7月20日に実施された参議院選挙で与党が敗北し、衆参両院ともに与党の議席数が過半数割れとなった。選挙戦を通じて各種の世論調査では経済政策についての関心は高く、足元の物価高に対して与党の掲げる給付金か、野党各党が主張する消費税減税や所得控除拡大か、といった点が争点となった。与党が敗北したことで、今後物価高対策として、減税や所得控除拡大なども考慮される可能性がある。昨年(2024年)10月の衆議院選挙では、所得控除額を103万円から178万円への引き上げる、いわゆる「103万円の壁」引き上げを掲げた国民民主党が、選挙前の7議席から28議席に大幅に議席を伸ばし、存在感を強めた。しかし、その後の与野党協議の中で、同案は換骨奪胎され、時限的かつ小幅な控除拡大(減税)にとどまった。以上の経緯を踏まえれば、今後の与野党協議の中で、実効性のある実質所得拡大策がとられるかは不透明な状況であるといえよう。さて、物価高対策一色となった参議院選挙であるが、そもそも日本経済の現状に対する評価・分析が抜け落ちたまま、目先の家計への影響緩和策ばかりに焦点が当たった感が否めない。そこで、本レポートでは改めて日本経済の現状を確認した上で、今後、日本経済が持続的・安定的な成長を遂げていくために、企業、家計(労働者)、政府・日銀に求められる打ち手を考えていきたい。
7月3日に連合が公表した春闘の最終集計結果によると、基本給を一律に底上げするベースアップに、定期昇給を加えた賃上げ率の加重平均値は5.25%となった。バブル崩壊直後の5.66%以来となる34年ぶりの高水準となり、2年連続で5%を超えた。以上は民間の動きであるが、公務員の側でも人事院が国家公務員全体の給与決定の際に参照する民間企業の従業員規模を「50人」以上からより賃金の高い「100人」以上に、中央省庁の職員の場合は「500人以上」から「1,000人以上」に引き上げる勧告をした。
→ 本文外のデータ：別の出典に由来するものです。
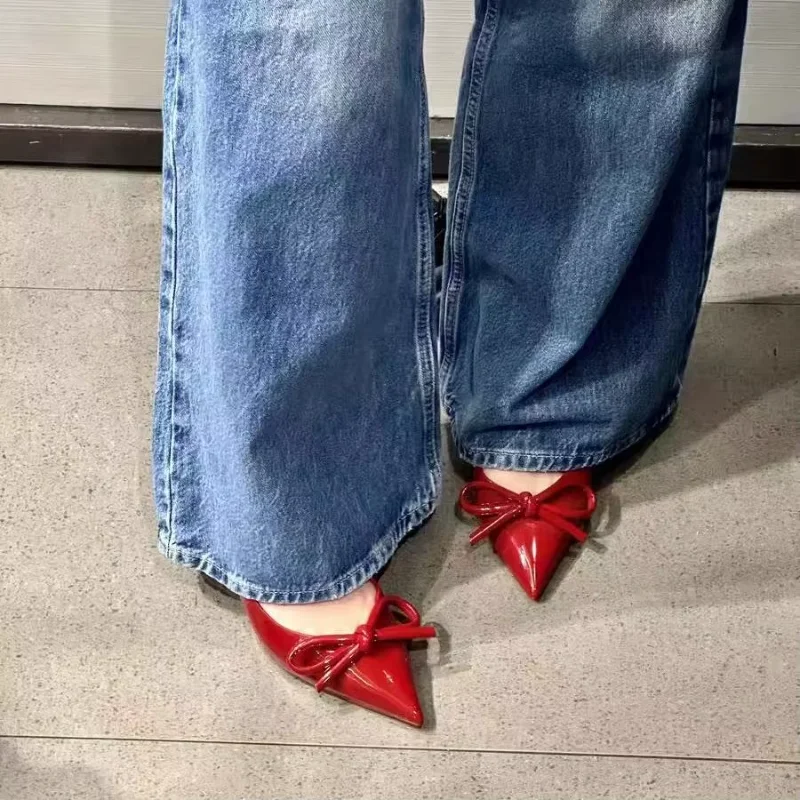 Red bow slingback women high heels pointed toe patent leather autumn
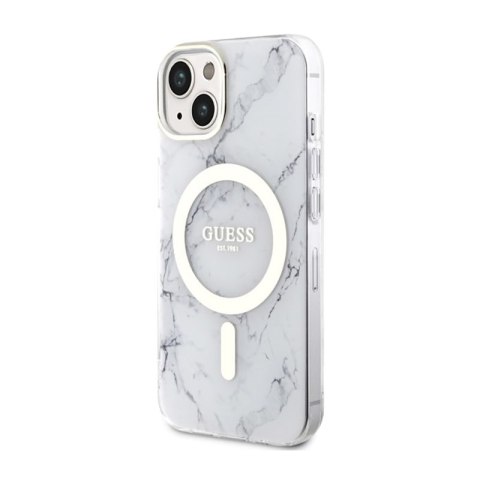 Guess Marble MagSafe - Etui iPhone 14 Plus (Biały) Guess Marble MagSafe - Etui iPhone 14 Plus (Biały)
定期昇給のみにとどまっていた賃金が、官民でベースアップを含む全体的な上昇に転じるという明るい動きが広がっている。図表1・2で企業にとっての国内市場の大きさを示す国内消費額をみていこう。名目消費額は2019年10-12月期の299.2兆円から、2025年に338.7兆円と1割以上(+13.2%)拡大している。企業の経営戦略上、国内消費が1980年代後半1990年代後半からCOVID-19前まで、ほぼ横ばいで推移していたこともあり、「少子高齢化によって国内市場が縮小するので海外へ展開する」という見方が根強い。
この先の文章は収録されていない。